How to stop tokenmaxxing and cut AI spend 10x

Ravi Mehta

Jun 4

Three fixes to reduce token burn and improve ROI.

Read →

9 Comments

Sumeet Maniar

Jun 4Edited

Ravi,

Excellent analysis.

I’ve been arguing that the winning architecture for most enterprise AI systems will be a hybrid of deterministic and non-deterministic approaches. LLMs are incredible for discovery, ideation, ambiguity, and rapid prototyping, but many production workflows eventually benefit from being refactored into deterministic systems where possible. That improves cost, reliability, explainability, and scalability. Meaning use the speed of non-deterministic to get to the deterministic effectively.

In our product and AI labs since last year, we often followed a pattern:

• Used frontier models to rapidly explore, prototype, and discover solutions

• Identify where reasoning is actually required versus where deterministic logic, traditional ML, or conventional software can perform the task more efficiently. Also think through about what are plain vanilla tokens vs. thinking tokens. Bifurcate the branches. Even count the tokens used per total turns achieving the outcome.
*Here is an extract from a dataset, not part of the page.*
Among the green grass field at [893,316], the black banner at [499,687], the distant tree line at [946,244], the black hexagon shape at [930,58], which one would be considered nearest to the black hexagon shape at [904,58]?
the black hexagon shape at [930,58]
• Re-architect the workflow accordingly.

Healthcare is a great example. Much of clinical decision-making ultimately maps to evidence-based rules, protocols, and structured logic. The challenge isn’t replacing everything with LLMs it’s understanding where language reasoning adds value and where it doesn’t.

In another use case it took me 47 versions via to optimize parallel API calling rather than sequential for a map /geo solution I was iterating on. The frontier models could not do it, whereas if I coded it - this would take 10 minutes. A lot of tokens and two hours wasted.

Your point on “skills” resonated. I’ve wondered whether we’re sometimes just relocating context-window complexity rather than reducing it. Hidden prompt bloat, excessive guardrails, and agent-to-agent chatter can create significant token overhead with diminishing returns, which are additional, yet similar topics that add to “token maxxing.” I still want to try dynamic inference calling at the time of the agent processing to both closed or open models to see how this performs.

We all know now a solution - it’s likely a tightly orchestrated system of specialized components, each with a “very” narrow responsibility, small context window, and clear evaluation criteria. But if its too narrow, does that not become a function call? That architecture tends to be more efficient, more reliable, and less prone to cascading hallucinations.

For PMs, the real “craft” is cradt systems to consistently reach 90–95%+ human-level performance through rigorous evals and iteration. Though, sometimes my mind gets numbed or bored by sub-optimal time in tweaking. Once that threshold is achieved, the hard work shifts to industrializing the solution governance, monitoring, reliability, and engineering inference at scale and in parallel.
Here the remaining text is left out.